Football Coach Immune from Brain Injury Suit, Yet Ruling May Give Hope to Future Players
Sheldon Mann, a high school football player who suffered a traumatic brain injury after a concussion during practice, will not be able to sue his coach or the school district. The Third Circuit affirmed Coach Christopher Walkowiak’s grant of immunity from a lawsuit that Mann’s parents filed in 2014. The appeals judge noted there was considerable dispute around what happened, and whether the coach knew Mann was injured when he allowed him to keep practicing. The head football coach of Palmerton Area School District claimed he did not see Mann get hit, and only noticed Mann rolling his shoulder, to which Mann replied “I’m fine.”

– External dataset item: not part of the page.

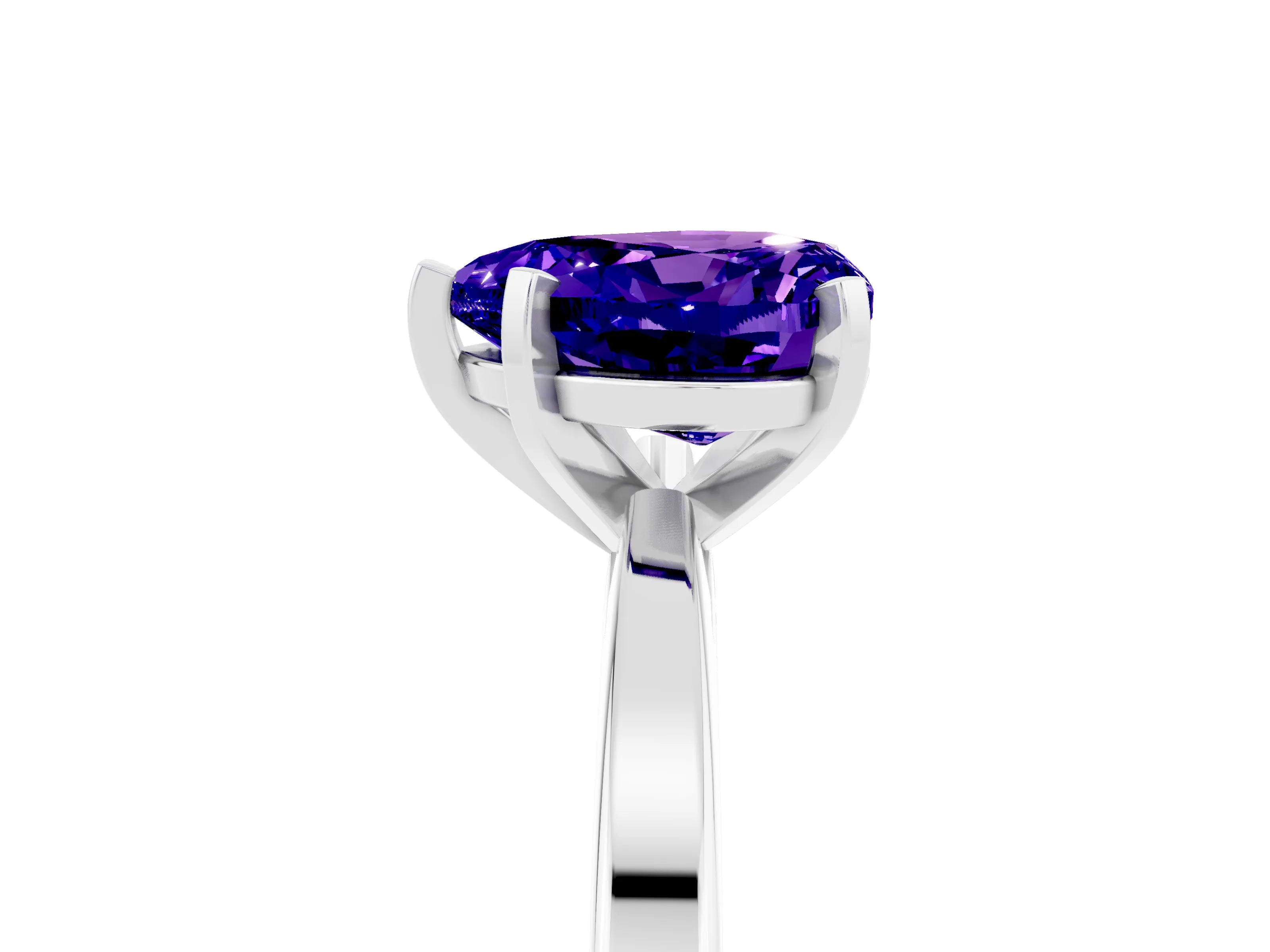 White gold Heart Cut Tanzanite Solitaire Engagement Ring with Classic Band and Four-Prong Setting_29
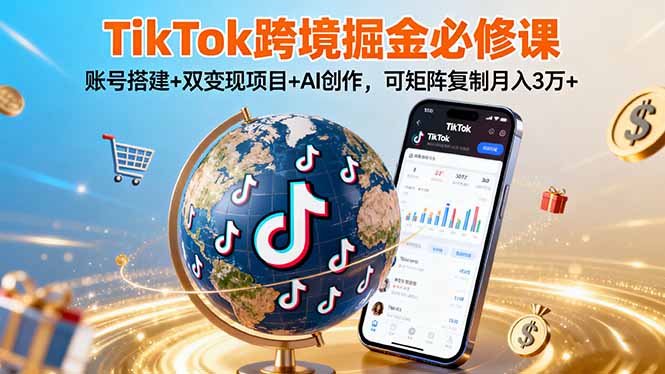 TikTo跨境掘金必修课，账号搭建+双变现项目+AI创作，可矩阵复制月入3万+ - 副业心选-副业心选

However, Mann’s teammates were surprised the coach allowed Mann to continue to play after he took an “exceptionally hard shot to the upper body.” They believed he was suffering from a concussion and it “looked as though he was dizzy and was stumbling around the field.” Mann was a 17-year-old senior at the time, and is now 24. Soon after he continued to play, Mann then took another massive hit and was then removed from practice. Mann now suffers from an array of problems such as slowed motor activity, auditory hallucinations, seizures, memory issues, pain, nausea, difficulty in following conversation, and hypersensitivity to light, sounds, and smells. Mann’s parents contended that Walkowiak violated their son’s constitutional right to bodily integrity under the Fourteenth Amendment’s state-created danger theory of liability and under the U.S. Supreme Court’s ruling in Monell. They also alleged the school district did not adequately train their coaches on concussion recognition and protection.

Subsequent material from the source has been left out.